CLEVELAND—Promoting the issues important to American manufacturing is imperative in this election cycle, according to a Huffington Post article by the president of the Alliance for American Manufacturing.
“If there were ever a presidential contest where the issues demanded our presence at a political convention, this is the one,” wrote Scott Paul from the Republican National Convention in Cleveland July 19.
Last week, AAM posted its planned activities for Republican and Democratic National Conventions on its blog.
In Cleveland, AAM hosted its “Keep It Made in America” program in a tent just outside the Quicken Loans Arena. There, American-made goods are exhibited, and AAM officials chatted with convention goers about ways to promote and expand American manufacturing jobs, the alliance said.

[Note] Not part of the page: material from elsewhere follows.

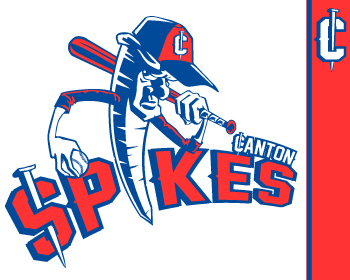 Logo Design entry 587136 submitted by john12343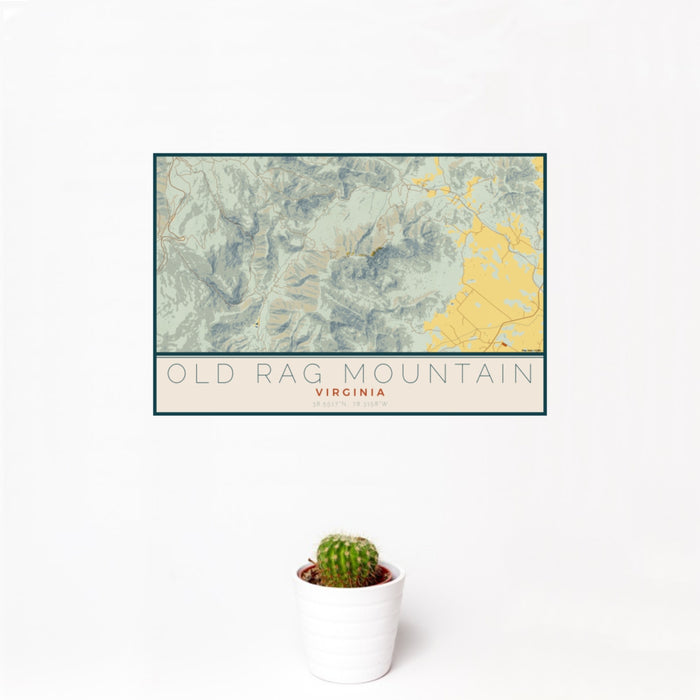 12x18 Old Rag Mountain Virginia Map Print Landscape Orientation in Woodblock Style With Small Cactus Plant in White Planter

At the Democratic National Convention in Philadelphia, AAM will host a town hall meeting, “Rebuilding the Middle Class,” at the Philadelphia Museum of Art. The meeting will feature speakers including Gene Sperling, economic adviser to Hillary Clinton, and United Steelworkers International President Leo Gerard.

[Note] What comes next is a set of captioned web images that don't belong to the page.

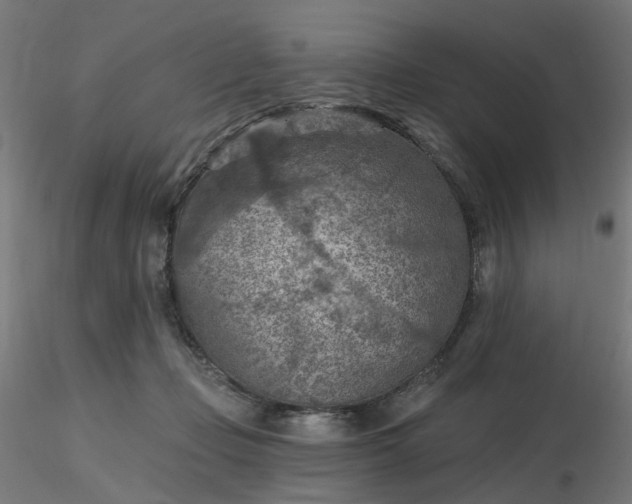 X0000116510365200912231238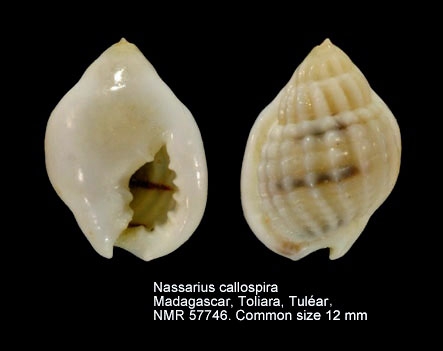 Nassarius callospira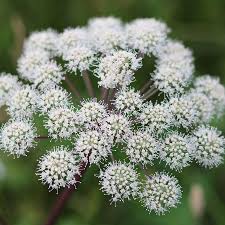 Image result for Angelica archangelica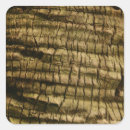Search for tree bark stickers Nature
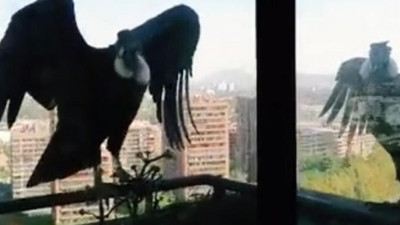 Korona günlerinde kabus pencereye kondu!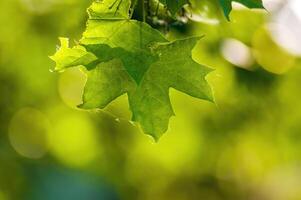 a fresh branch with green leaves in the forest photo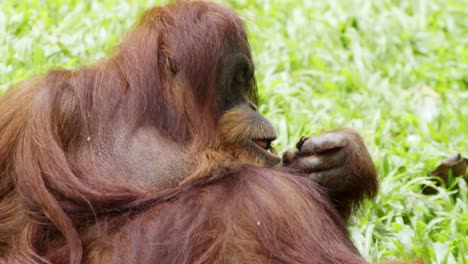 eating bornean orangutan lying over grassy ground in wildlife park on the island of borneo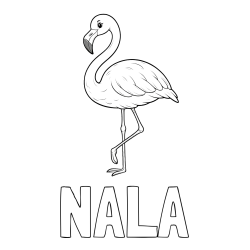 Online izdelana pobarvanka - Pobarvanka imena NALA in pobarvanka flaminga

“America has lost 5 million manufacturing jobs in the last 15 years,” Paul said. “Our annual international trade in goods has gone from a nagging deficit to a gargantuan one. And a whole field of pundits are starting to reconsider one of the reliable tropes of their profession—that unfettered trade is great, without exception.
“Now, trade and the atrophy of middle-income factory jobs are dominating the national political discussion,” Paul said. “Trump talks about it constantly. But he's not alone, and this is the first time in the post-World War II era that we've seen both party candidates take the issue so seriously.”
Manufacturing was an economic pillar for decades for the American middle class, according to Paul. But a mounting pile of economic evidence shows that millions of Americans have been stuck in low-wage despair since losing their jobs to import competition.
“There's no putting any of this back in the bottle, nor should we,” Paul said. “The world's markets are out there, and we will sink or swim in them. But again, we need legitimate policy responses to these issues.”